Lei ha a cuore il tema del calcio negli oratori. È ancora una risorsa?
“Assolutamente sì. Nasco e cresco all’oratorio San Vittore, probabilmente ero più all’oratorio che a casa mia. ho un rapporto straordinario con Don Alessio Albertini che è una persona meravigliosa: lo invitai qui quando il Gubbio venne a giocare a Varese. Noi avevamo lo spirito dell’oratorio, così come ce l’hanno adesso. Nel Varese è cambiato il nome ma non lo spirito, che è questo: le persone sono sempre quelle”.

Caccianiga_ErmolliCom’è stato passare dal calcio al rugby?
“Non è stato nulla di traumatico, perché mi occupo della parte motoria: è la stessa cosa che facevo al Varese con il progetto bimbo, che fra l’altro abbiamo inventato noi. La grammatica del movimento è uguale per tutti. In realtà ho solo cambiato luogo d’intervento, dallo stadio al campo di Giubiano”.

Cosa può imparare dal mondo della palla ovale?
“Si spara sempre sul calcio, e a volte anche a caso. È il gioco più semplice del mondo da seguire. Mi spiego: basket, volley, rugby e hockey sono sport estremamente tattici con molte regole. Se non le so, non ne posso capire. Il calcio ha tre regole e per questo è così diffuso: chiunque si sente in diritto di esprimere il proprio parere ed assurgere ad allenatore. Essendo il più seguito è il più vulnerabile da inquinamenti di gente poco raccomandabile. Il vantaggio del rugby è che vincere non è fondamentale, si accetta la sconfitta. Nel calcio la vittoria è l’unica cosa che conta, scatenando ogni tipo di reazione. Guardiamo l’ultimo anno del Varese: gli altri erano più forti, ma questo era inaccettabile”.

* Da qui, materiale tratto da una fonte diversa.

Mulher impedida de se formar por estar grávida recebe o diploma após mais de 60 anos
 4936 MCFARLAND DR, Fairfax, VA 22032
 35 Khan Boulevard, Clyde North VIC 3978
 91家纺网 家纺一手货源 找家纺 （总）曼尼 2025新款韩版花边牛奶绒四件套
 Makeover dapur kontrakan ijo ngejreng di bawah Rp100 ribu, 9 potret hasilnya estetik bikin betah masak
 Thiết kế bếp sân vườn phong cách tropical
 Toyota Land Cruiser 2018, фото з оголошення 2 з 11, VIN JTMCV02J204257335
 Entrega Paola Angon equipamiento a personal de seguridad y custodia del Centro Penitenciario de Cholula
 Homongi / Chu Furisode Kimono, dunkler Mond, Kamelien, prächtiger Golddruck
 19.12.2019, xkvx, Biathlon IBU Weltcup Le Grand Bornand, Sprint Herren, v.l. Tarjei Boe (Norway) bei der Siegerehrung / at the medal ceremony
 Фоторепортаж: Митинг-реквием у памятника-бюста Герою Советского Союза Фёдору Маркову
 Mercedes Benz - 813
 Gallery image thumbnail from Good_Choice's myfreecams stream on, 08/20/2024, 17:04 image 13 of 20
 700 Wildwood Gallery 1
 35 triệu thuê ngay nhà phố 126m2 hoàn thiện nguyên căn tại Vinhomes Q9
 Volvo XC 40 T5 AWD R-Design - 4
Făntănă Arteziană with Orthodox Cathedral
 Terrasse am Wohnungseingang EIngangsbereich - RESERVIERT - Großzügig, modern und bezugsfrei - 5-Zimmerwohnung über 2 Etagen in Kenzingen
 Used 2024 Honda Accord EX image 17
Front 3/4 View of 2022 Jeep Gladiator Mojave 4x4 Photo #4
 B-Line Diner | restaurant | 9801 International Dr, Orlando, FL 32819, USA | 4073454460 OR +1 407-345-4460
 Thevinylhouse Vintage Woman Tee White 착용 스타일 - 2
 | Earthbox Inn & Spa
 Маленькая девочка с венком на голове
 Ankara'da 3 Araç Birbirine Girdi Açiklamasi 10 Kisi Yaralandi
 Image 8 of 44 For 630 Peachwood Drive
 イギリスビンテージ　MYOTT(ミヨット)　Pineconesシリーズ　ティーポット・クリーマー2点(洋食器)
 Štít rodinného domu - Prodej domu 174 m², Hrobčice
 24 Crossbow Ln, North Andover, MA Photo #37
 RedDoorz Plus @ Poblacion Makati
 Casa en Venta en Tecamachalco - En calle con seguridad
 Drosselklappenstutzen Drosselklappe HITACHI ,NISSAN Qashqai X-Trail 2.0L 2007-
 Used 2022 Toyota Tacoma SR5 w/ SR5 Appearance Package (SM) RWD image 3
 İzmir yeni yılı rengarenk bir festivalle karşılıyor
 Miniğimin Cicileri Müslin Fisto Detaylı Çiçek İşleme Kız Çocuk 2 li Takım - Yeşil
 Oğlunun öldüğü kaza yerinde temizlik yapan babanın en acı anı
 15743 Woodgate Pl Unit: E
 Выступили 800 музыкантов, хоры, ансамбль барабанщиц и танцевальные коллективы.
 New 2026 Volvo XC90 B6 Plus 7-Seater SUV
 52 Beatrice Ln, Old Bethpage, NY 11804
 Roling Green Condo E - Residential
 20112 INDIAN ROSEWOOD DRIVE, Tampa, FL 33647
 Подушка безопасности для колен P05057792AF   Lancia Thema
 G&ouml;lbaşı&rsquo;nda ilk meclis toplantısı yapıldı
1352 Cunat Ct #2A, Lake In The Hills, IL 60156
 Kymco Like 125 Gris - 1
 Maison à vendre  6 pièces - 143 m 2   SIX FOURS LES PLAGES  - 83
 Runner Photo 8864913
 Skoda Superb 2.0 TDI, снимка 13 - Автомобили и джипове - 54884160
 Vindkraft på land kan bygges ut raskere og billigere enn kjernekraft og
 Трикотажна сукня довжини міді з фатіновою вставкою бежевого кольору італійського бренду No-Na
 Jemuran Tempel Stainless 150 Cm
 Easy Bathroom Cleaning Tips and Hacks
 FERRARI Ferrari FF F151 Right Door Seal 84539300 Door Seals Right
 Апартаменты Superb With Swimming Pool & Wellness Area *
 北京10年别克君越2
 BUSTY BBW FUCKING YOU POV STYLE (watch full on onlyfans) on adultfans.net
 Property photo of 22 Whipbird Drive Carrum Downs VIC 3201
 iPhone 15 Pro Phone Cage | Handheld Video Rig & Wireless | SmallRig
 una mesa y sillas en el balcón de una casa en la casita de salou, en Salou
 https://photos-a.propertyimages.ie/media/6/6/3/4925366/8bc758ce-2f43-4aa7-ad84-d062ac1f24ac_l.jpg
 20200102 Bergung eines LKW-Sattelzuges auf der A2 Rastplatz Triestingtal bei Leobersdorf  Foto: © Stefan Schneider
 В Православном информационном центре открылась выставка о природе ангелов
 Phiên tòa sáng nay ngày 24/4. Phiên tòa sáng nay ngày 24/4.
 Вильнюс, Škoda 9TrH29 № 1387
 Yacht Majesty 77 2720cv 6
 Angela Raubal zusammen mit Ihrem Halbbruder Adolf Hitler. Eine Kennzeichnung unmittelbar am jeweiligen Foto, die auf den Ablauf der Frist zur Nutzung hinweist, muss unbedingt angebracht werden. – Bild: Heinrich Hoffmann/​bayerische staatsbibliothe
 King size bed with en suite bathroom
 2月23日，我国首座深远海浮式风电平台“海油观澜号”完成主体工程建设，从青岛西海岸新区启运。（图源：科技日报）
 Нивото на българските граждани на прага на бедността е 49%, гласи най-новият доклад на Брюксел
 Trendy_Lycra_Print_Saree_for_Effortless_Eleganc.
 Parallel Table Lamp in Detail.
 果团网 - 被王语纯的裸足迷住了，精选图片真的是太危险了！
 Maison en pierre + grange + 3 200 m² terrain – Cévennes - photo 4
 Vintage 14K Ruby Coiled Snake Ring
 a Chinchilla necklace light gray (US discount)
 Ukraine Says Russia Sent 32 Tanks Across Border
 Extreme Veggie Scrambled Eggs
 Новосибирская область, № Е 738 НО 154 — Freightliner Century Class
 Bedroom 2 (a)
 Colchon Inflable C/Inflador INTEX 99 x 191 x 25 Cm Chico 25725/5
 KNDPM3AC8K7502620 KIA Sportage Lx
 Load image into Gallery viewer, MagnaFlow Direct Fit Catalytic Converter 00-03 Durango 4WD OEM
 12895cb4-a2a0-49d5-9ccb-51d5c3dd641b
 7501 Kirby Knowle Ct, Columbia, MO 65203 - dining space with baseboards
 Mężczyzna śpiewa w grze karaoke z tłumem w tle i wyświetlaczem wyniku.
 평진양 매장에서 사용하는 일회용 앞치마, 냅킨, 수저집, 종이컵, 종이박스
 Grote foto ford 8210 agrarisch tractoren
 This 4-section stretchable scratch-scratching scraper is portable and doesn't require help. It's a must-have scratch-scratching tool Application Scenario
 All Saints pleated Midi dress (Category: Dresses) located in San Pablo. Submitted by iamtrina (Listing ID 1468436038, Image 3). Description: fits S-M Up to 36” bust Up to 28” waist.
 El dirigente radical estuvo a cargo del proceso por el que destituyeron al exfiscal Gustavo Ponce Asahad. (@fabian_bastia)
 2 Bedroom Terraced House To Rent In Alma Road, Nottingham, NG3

Ci spiega il motivo per cui in estate ha lasciato il Varese?
“Non ho accettato il fatto di mettere tutti sullo stesso piano. Indubbiamente ci sono stati dirigenti che hanno sbagliato, fra gestione della squadra, cambi di allenatore e situazioni poco chiare. Noi le facevamo notare e lavoravamo sottotraccia: non abbiamo mai perso un allenamento non percependo un euro di rimborso. Siamo stati inseriti in un calderone venendo paragonati agli altri. Addirittura ci sono state rivolte critiche furiose che dicevano che il settore giovanile era scomparso, e questa cosa mi ha amareggiato non poco. Le colpe non sono state divise fra i responsabili: non è possibile che gente come Masini, Milanta, Belluzzo e Piatti siano stati inseriti in questo vaso di Pandora causa di tutti i mali. Io non l’ho accettato. Sono stati cancellati undici anni con una sola stagione, seppur disgraziata. Io l’ho vissuta come una sconfitta personale, perché pensavo che avessimo superato la fase del delirio e dell’insulto. Invece a Varese puoi solo vincere”.

La rivedremo al Franco Ossola prima o poi?
“Io ho sempre detto che nasco nel Varese e muoio nel Varese. Quando sono andato via non sono passato a nessuna squadra di calcio, anche se mi hanno cercato. Piuttosto, ho cambiato sport. Ci mancherebbe, sono a disposizione e non c’è nessun problema, anche perché coi nuovi dirigenti c’è un rapporto meraviglioso e non c’è nessun problema né preclusione di nessun tipo. All’inizio mi avevano anche cercato, ma era troppo vivo il dolore: non potevo far finta di nulla”.